Relative Sort Array in Python

Suppose we have two arrays arr1 and arr2, where elements of arr2 are unique, and all elements in arr2 are also present in arr1. We need to sort the elements of arr1 such that the relative ordering of items follows the sequence in arr2. Elements not present in arr2 should be placed at the end in ascending order.

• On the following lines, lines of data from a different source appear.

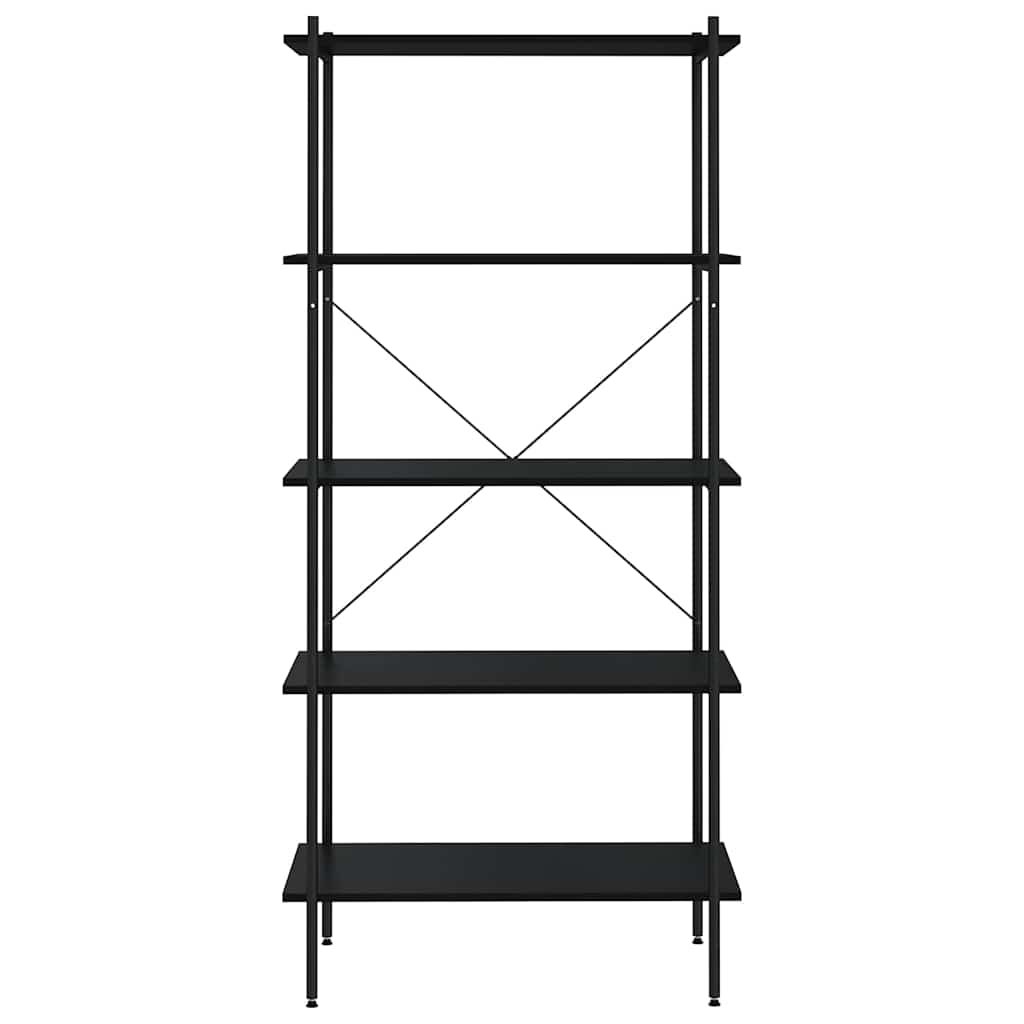 336347 vidaXL 5-Tier Shelving Unit Black 80x40x163 cm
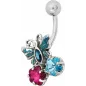 Piercing nombril Swarovski papillon multicolore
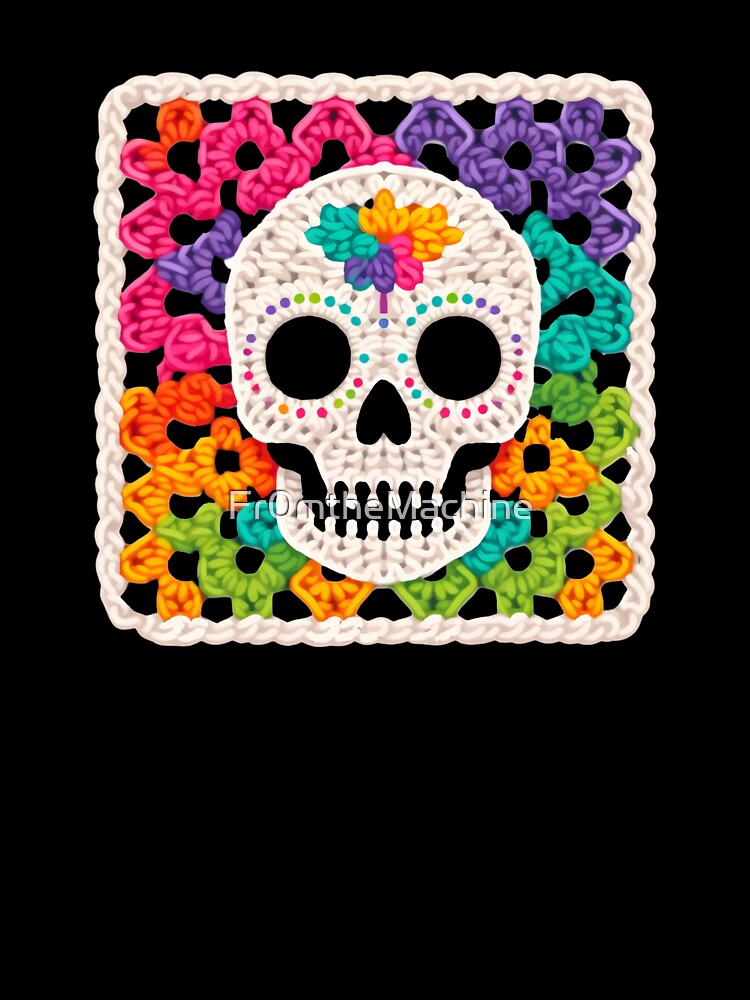 A sugarskull rainbow granny square, crochet art by Fr0mtheMachine
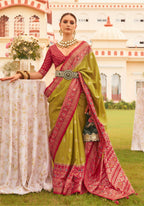 Monjolika Fashion Olive & Maroon Colour Sigma Silk Patola Printed Saree With Blouse - Distacart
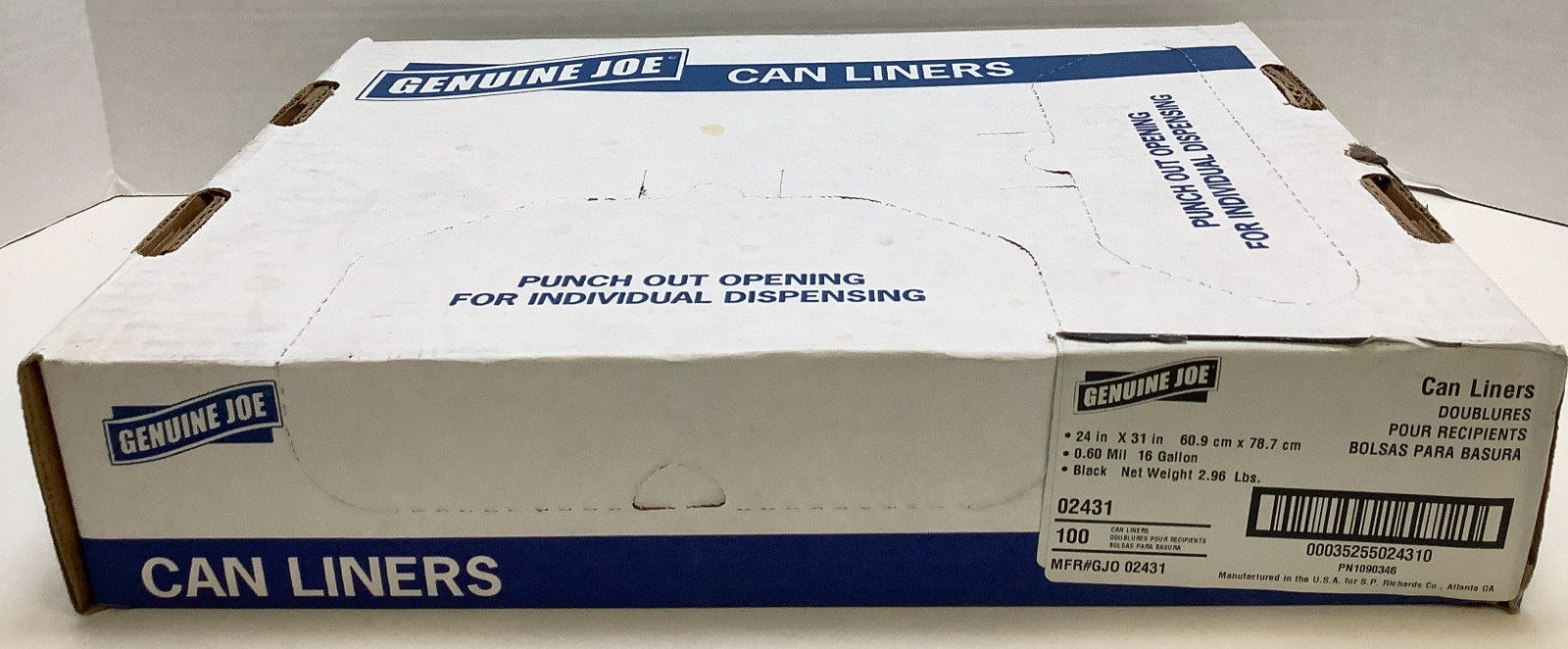 Genuine Joe (02431) Can Liner, Black, 16gal, 24″x31″, 100ct Case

For example, if arr1 is [2,3,1,3,2,4,6,7,9,2,19] and arr2 is [2,1,4,3,9,6], the result will be [2,2,2,1,4,3,3,9,6,7,19].

Algorithm

To solve this, we follow these steps −

• Create a frequency map to count occurrences of each element in arr1
• Define two arrays: res (result) and temp (for remaining elements)
• For each element in arr2, add it to res based on its frequency in arr1
• Collect remaining elements (not in arr2) in temp
• Sort temp and append to res

Implementation

class Solution:
    def relativeSortArray(self, arr1, arr2):
        # Create frequency map for arr1
        freq_map = {}
        for num in arr1:
            freq_map[num] = freq_map.get(num, 0) + 1
        
        result = []
        remaining = []
        
        # Add elements in order of arr2
        for num in arr2:
            for _ in range(freq_map[num]):
                result.append(num)
            freq_map[num] = 0
        
        # Collect remaining elements not in arr2
        for num, count in freq_map.items():
            if count > 0:
                for _ in range(count):
                    remaining.append(num)
        
        # Sort remaining elements and add to result
        remaining.sort()
        result.extend(remaining)
        
        return result

# Test the solution
solution = Solution()
arr1 = [2, 3, 1, 3, 2, 4, 6, 7, 9, 2, 19]
arr2 = [2, 1, 4, 3, 9, 6]
print(solution.relativeSortArray(arr1, arr2))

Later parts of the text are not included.